Background: While diffusion models can generate temporally coherent videos based on text or single reference images, there is a rapidly increasing demand for fine-grained control over appearance and identity using multiple reference images. This has given rise to the "any-reference video generation" task—synthesizing consistent and personalized videos given an arbitrary combination of reference subjects (humans, animals, clothing, accessories, environments) and text prompts.

Limitations of Prior Work: Conditioning video generation on both text and multiple reference images significantly expands the conditional space, leading to three major issues: (1) Identity inconsistency, where details like facial structures or accessories drift across frames; (2) Multi-subject entanglement, where identities from different reference images are confused or blended; (3) Copy-paste artifacts, where reference images are abruptly pasted into the scene, undermining realism. Existing works either rely on external identity modules supporting only single images (e.g., ConsisID), which lack scalability, or concatenate visual tokens along the token dimension (e.g., ConcatID, VACE, Phantom), which requires massive data and suffers from poor identity preservation or generalization.
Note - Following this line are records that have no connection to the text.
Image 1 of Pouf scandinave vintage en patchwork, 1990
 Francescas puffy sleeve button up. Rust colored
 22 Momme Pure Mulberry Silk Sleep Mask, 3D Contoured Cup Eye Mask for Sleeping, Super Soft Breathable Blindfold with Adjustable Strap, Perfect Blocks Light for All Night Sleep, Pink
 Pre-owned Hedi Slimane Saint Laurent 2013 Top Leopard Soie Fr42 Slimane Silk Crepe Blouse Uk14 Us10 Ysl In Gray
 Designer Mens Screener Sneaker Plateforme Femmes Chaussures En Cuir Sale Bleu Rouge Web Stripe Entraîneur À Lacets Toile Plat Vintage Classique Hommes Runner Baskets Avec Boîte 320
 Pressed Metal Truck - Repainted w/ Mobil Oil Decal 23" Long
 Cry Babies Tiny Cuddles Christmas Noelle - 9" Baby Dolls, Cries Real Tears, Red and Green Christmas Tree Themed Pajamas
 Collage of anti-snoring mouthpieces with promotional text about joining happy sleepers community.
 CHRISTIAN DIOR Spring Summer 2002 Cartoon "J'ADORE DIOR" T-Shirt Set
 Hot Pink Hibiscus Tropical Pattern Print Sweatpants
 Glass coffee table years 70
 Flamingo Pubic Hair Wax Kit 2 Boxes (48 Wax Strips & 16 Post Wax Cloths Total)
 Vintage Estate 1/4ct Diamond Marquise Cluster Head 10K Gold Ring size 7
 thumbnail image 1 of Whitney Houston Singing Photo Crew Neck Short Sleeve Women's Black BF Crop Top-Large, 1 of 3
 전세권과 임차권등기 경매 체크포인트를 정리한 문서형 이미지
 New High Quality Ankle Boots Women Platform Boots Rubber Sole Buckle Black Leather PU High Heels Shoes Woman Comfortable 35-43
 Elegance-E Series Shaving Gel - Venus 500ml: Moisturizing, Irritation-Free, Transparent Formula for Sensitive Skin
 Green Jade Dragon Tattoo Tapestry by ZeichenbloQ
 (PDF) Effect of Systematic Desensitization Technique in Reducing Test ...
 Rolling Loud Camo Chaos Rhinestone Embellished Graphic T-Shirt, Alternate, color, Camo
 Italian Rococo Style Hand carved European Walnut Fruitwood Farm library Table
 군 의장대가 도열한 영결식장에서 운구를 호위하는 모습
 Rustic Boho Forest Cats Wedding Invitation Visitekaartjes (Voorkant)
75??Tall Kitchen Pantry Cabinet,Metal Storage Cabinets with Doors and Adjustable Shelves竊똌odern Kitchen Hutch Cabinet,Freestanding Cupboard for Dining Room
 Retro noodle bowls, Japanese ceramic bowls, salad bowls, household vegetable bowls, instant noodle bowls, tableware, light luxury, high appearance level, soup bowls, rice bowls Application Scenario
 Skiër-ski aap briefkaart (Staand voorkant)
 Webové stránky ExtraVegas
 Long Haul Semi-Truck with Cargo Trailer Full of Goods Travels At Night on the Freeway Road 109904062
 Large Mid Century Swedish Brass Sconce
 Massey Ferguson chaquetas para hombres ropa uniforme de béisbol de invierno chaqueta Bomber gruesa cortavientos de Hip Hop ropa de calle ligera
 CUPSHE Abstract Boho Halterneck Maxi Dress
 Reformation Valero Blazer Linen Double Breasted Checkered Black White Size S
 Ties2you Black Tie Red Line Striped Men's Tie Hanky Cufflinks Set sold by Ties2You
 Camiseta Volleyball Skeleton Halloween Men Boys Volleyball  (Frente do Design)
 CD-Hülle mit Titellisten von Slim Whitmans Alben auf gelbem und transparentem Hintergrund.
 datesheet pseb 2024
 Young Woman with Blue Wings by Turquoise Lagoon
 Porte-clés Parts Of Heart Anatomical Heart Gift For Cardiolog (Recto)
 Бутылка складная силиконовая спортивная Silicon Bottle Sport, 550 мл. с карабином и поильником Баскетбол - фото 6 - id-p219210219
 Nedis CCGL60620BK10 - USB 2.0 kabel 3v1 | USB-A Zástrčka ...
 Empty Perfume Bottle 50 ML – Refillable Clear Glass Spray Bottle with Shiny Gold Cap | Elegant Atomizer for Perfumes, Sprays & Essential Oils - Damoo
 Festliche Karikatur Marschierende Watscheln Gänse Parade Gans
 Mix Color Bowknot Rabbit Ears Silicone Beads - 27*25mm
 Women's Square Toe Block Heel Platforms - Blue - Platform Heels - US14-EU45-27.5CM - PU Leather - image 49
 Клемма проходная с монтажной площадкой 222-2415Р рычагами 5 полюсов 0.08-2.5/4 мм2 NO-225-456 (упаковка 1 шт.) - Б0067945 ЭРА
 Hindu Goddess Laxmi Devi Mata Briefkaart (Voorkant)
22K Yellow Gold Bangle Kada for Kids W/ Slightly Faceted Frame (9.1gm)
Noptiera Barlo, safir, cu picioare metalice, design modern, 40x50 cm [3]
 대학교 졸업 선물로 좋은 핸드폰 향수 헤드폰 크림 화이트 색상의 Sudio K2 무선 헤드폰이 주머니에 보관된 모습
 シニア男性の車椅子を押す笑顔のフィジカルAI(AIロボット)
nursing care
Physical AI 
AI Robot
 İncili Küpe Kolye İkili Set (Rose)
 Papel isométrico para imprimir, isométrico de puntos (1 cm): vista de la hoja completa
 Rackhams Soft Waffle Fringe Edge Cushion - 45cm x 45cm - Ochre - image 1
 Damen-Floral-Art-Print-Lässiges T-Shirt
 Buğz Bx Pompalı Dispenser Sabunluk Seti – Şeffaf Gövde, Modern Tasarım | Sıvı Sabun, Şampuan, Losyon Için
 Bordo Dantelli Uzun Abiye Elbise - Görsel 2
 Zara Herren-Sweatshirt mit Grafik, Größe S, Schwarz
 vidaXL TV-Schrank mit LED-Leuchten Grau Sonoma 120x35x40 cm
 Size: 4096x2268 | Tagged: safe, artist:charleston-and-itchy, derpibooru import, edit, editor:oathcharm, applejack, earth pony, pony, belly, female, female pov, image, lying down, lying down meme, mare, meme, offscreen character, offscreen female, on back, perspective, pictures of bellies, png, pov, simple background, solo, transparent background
SkyReels-A2 uses channel-wise concatenation with temporal masks but still fails to resolve these issues holistically.

Key Challenge: The core challenge lies in balancing the "retention of strong priors from pre-trained backbones without structural changes" against the "precise distinction of an arbitrary number of unknown subjects while binding each subject to the correct text." Concatenation along the token dimension requires relearning identity consistency from scratch, while temporal concatenation disrupts the first-frame consistency inherent in I2V models.

Goal: To build a unified framework that requires no architectural modifications and simultaneously addresses identity consistency, subject disentanglement, and the elimination of copy-paste artifacts.

Core Idea: [Pixel-level Conditioning] Arrange multiple reference images into a single synthetic canvas, encode it via VAE, and concatenate it with noisy latent variables along the channel dimension (instead of the token dimension) to maximize the reuse of the pre-trained I2V backbone's image preservation capabilities. [Semantic Anchoring] Inject cross-attention values of individual text tokens into the spatial regions of corresponding subjects to establish a tight coupling between "image regions ↔ text tokens" from the very first diffusion step. [Data Governance] Implement a four-stage data pipeline to construct cross-paired training samples to suppress copy-paste artifacts.

Method¶

Overall Architecture¶

MAGREF is built upon the Wan2.1 I2V backbone without structural modifications. At the input stage, \(N\) reference images are positioned on a blank canvas to form a composite image \(I_{comp}\), which, along with a binary region mask, is encoded by a VAE and concatenated channel-wise with the noisy video latent variables for input into the DiT. Within each DiT layer, a subject disentanglement module injects text token value embeddings into the first-frame latent variables by region, forcing alignment between each subject and its text label. Training data is generated via a four-stage pipeline producing cross-paired samples.

flowchart LR
    A[N Reference Images] --> B[Region-aware Placement<br/>Composite Canvas I_comp]
    B --> C[VAE Encoding F_comp]
    B --> D[Binary Mask M<br/>Downsampling + Channel Copy]
    E[Video Frames] --> F[VAE + Noise Z]
    C --> G[Channel Concatenation<br/>Concat Z, F_comp, M_region]
    D --> G
    F --> G
    G --> H[DiT Block ×L]
    I[Text Prompt T5/CLIP] --> J[Cross-attn value v_i]
    J --> K[Subject Disentanglement<br/>Region-based Injection into First Frame]
    K --> H
    H --> L[VAE Decoded Output Video]

Key Designs¶

1. Region-aware Masking: Compressing multi-subjects into an I2V-friendly composite reference frame. The difficulty of the any-reference setting lies in the unknown number and distribution of subjects. MAGREF avoids stacking reference images chronologically (vanilla masking), which disrupts first-frame consistency. Instead, it places \(N\) reference images \(\{I_k\}_{k=1}^N\) at specific positions \(p_k=(x_k,y_k)\) on a canvas: \(I_{comp}(i,j)=\sum_{k=1}^N I_k(i-y_k,j-x_k)\cdot\mathbb{1}_{(i,j)\in R_k}\), where \(R_k\) is the rectangular region of the \(k\)-th image. This composite is treated as a single reference frame, leveraging native I2V capabilities. A binary mask \(M(i,j)=\mathbb{1}_{(i,j)\in\bigcup_k R_k}\) provides precise spatial priors. Subject positions are randomized during training to mitigate positional bias.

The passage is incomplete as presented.